* Source data:
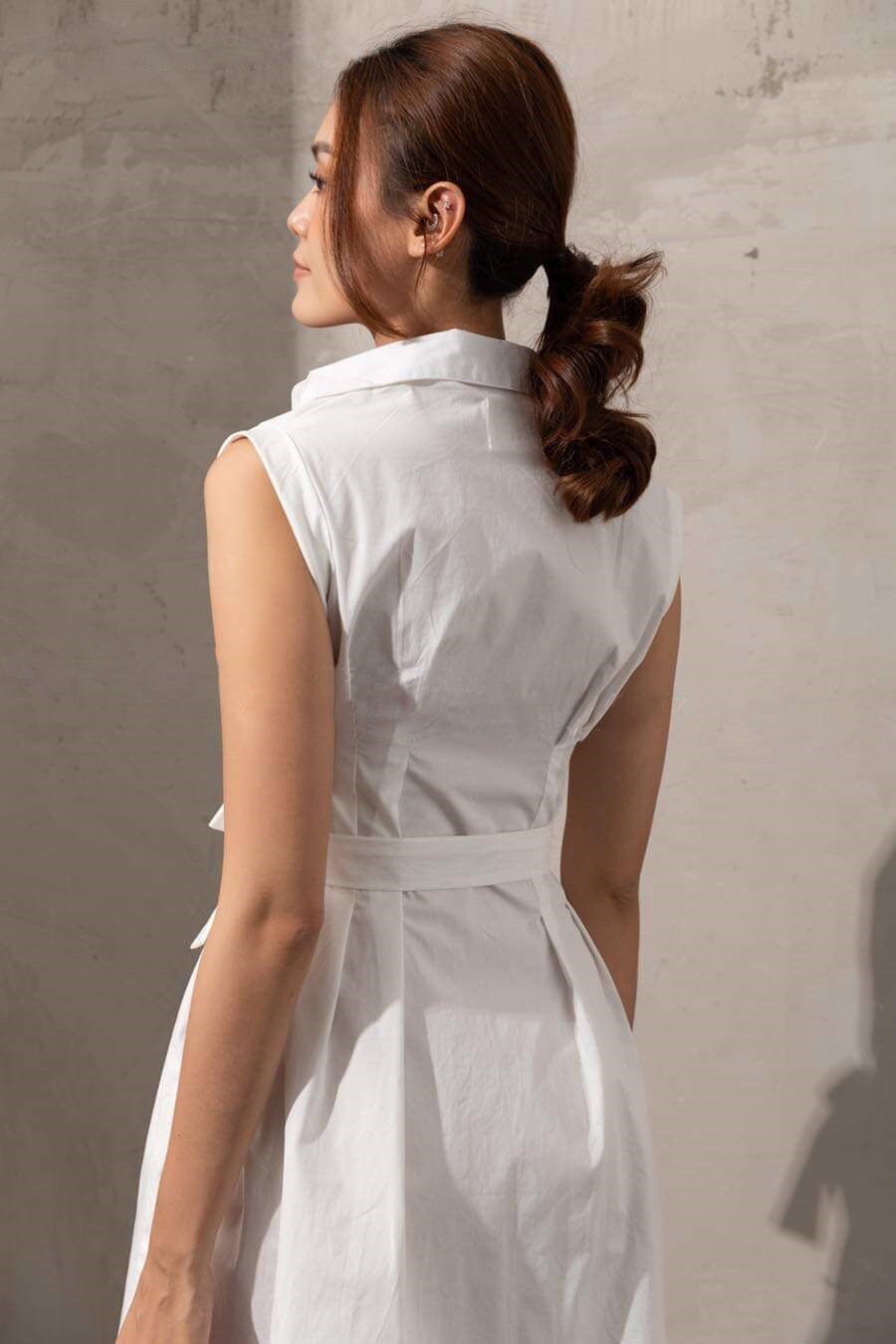 Sleeveless Front Button A-line Linen Dress - Collared Linen Midi Dress in White Available in 50 Colors - Etsy Sleeveless Front Button A-line Linen Dress - Collared Linen Midi Dress in White Available in 50 Colors - Etsy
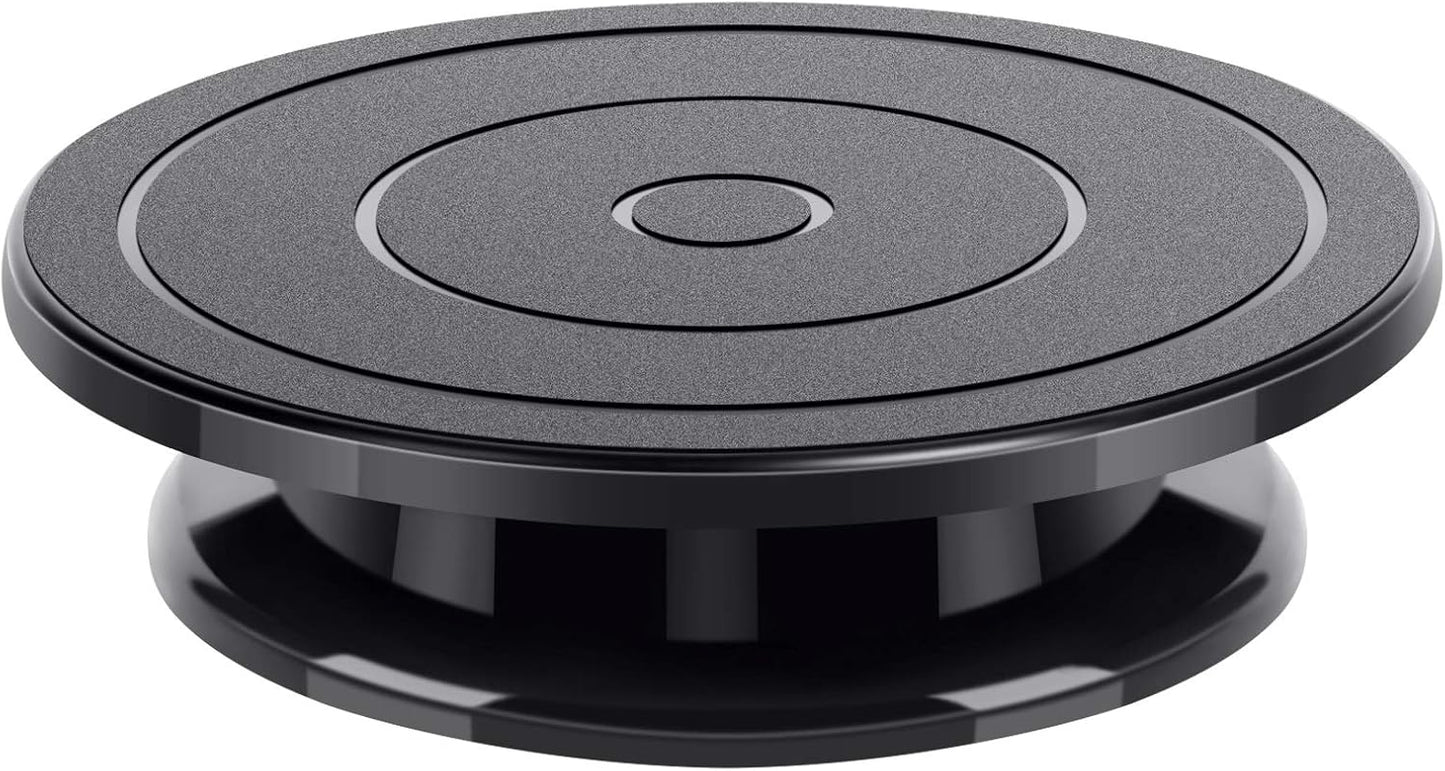 Kootek 11 Inch Rotate Turntable Sculpting Wheel Revolving Cake Turntable Black Painting Turn Table Lightweight Stand for Paint Spraying Spinner, Cake Decorating, Displaying Item
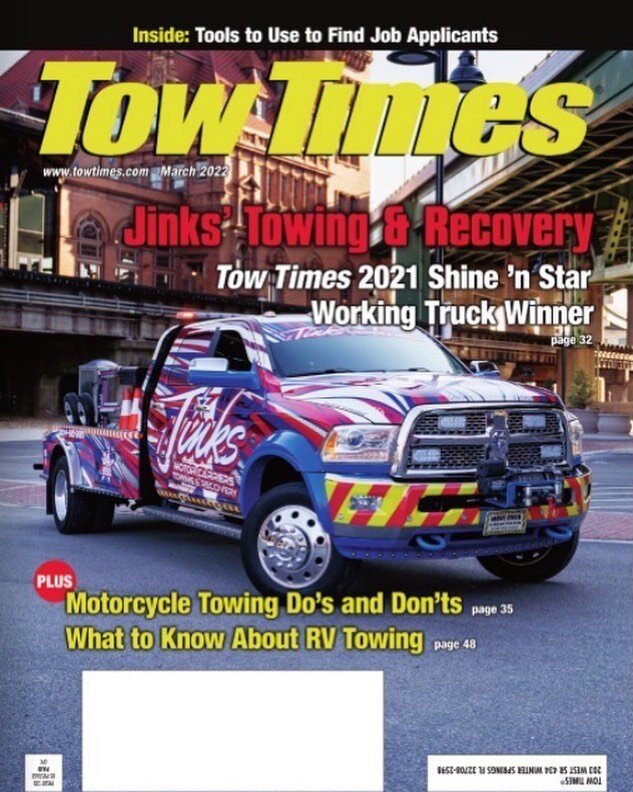 We had the pleasure of shooting with @jinksmotorcarriersinc for the cover of nationally published magazine @towtimes for their March issue! 

#rvavideographer #rvaphotographer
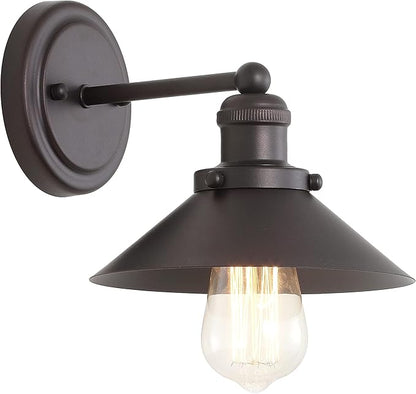 JONATHAN Y 7.88" Oil Rubbed Bronze 1-Light Industrial Farmhouse Metal Vanity Light Wall Sconce, Metal Shade for Bathroom Mirror, Kitchen, Entryway, LED Bulb Included (JYL7426A)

* Exercise goal: Starting at the line above with "We had the pleasure", output every line exactly up to and including the line with "#rvavideographer #rvaphotographer", but none of the pictures.

* Written solution:
 We had the pleasure of shooting with @jinksmotorcarriersinc for the cover of nationally published magazine @towtimes for their March issue! 

#rvavideographer #rvaphotographer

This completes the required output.